The Golden Globes 2013: Who Were The Winners And Losers?14 January 2013
Though the Oscars is undoubtedly the big one, there’s traditionally been a lot of love for the Golden Globes among the Hollywood fraternity, with the event being seen as a generally looser, less formal affair than its prestigious counterpart – even if the actors have had to cope with the barbs of Ricky Gervais in recent years. The jibes still came from Amy Poehler and Tina Fey, but they were delivered with far more good grace than those thrown by the British comic.
The list of winners were a mixture of those gathering momentum ahead of the Oscars next month, and of those gaining redemption for being slighted by the Academy. But who were the real winners and losers of last night (January 13, 2013)?
Ben Affleck: Bookies favorite for Best Director at the Oscars this year, Affleck suffered the ignominy of being overlooked entirely when the nominations were read out last week. He gained some measure of consolation last night however, being named Best Director at the Globes, whilst his film Argo took Best Drama Picture. Affleck’s director win will have been even sweeter given he beat out Oscar nominees Steven Spielberg and Ang Lee to the prize.
Jodie Foster: There weren’t many begrudging Foster her Cecil B DeMille Award – a prize that recognizes outstanding contributions to the world of entertainment – and there were even fewer after the actress gave an emotional acceptance speech in which she publicly reiterated her homosexuality, and bemoaned those who sought to court press, describing the desire for privacy as a virtue. There wasn’t a dry eye in the house.
Les Miserables: Three wins from a possible four in the main categories was a great return for the Tom Hooper-directed adaption. Those taking home the awards for the film included Hugh Jackman (Best Actor In A Comedy Or Musical) and Anne Hathaway (Best Supporting Actress), whilst the film itself took Best Musical Or Comedy Picture. The only one it missed out on was Best Original Song – pipped by Adele’s theme for James Bond film Skyfall.
Tina Fey & Amy Poehler: Just about everyone was ready for a change of host after three years of putting up with Ricky Gervais’ mean-spirited jibes and shock tactics and so Fey and Poehler didn’t have to do much to get it right. Nevertheless, they’re hosting went down a storm, the pair getting the crowd on side by commenting that Gervais’ absence was down to him “technically not being involved in show business anymore”, before throwing some risqué but well-intentioned jokes out at Kathryn Bigelow, Anne Hathaway and Daniel Day-Lewis.
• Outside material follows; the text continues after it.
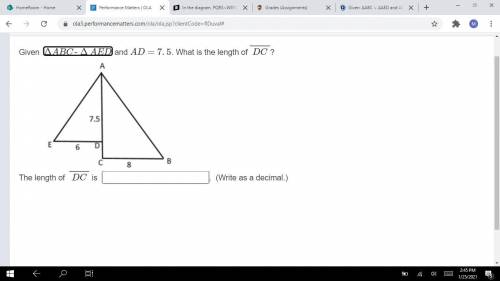 Given ΔABC~ΔAED and AD=7.5. What is the length of DC?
Good work ladies.
Quentin Tarantino: In a big two-fingered salute to those criticizing his film Django Unchained, Tarantino scooped Best Screenplay for a Motion Picture, as well as seeing his actor Christoph Waltz pick up the Best Supporting gong. There’ve been comments about the film’s lack of sensitivity towards slavery issues, but Tarantino’s always maintained he provided a realistic representation.
Lincoln: Controversial? Daniel Day-Lewis took the Best Drama Actor home, but that was an absolute banker. The wider stats should prove worrying for Lincoln ahead of the Oscars – that was the only win the film took in the eight major categories it was nominated for. Could we see a repeat next month?
Major Networks: We would have put ‘Game Change’ up in the winners category if we weren’t restricting ourselves to five for each. The HBO political drama took three awards last night, and its success illustrated a wider point: namely that NBC, ABC, CBS and Fox shows didn’t win an award between them, the honors instead being shared out by those on cable. Time for a rethink?
Kathryn Bigelow: If Affleck found redemption, then it was at the expense of poor Kathryn Bigelow missing out on hers. The Zero Dark Thirty director was another strongly tipped for an Oscars nod before last week’s nominations, only to miss out, and Affleck’s nod for Best Director here meant there was no consolation to be had. With Jessica Chastain taking Best Drama Actress all wasn’t lost, but it looks like the hope that surrounded the film coming into awards season looks to be dissipating pretty quickly.
The Golden Globes themselves? With so many Oscars snubs, there was the element of the also-ran in some of these categories. Whilst we mentioned Affleck winning the Best Director category, he was up against only two directors who’ll be going up for the big one next month. With Zero Dark Thirty also gaining more recognition in the nominations here it seemed like at least one of the awards ceremonies had got it wrong; but was it the Globes or was it….
The Oscars: Yep, you could well argue that the double triumph for Argo was a kick in the teeth for the Oscar committee, proving them wrong and showing that Affleck should have been included in the Best Director category. The Academy hardly ever admits fault so we can’t see any form of public acknowledgement coming forth, but the success of Argo here might certainly make them re-consider their view of Argo in the Best Picture category at least.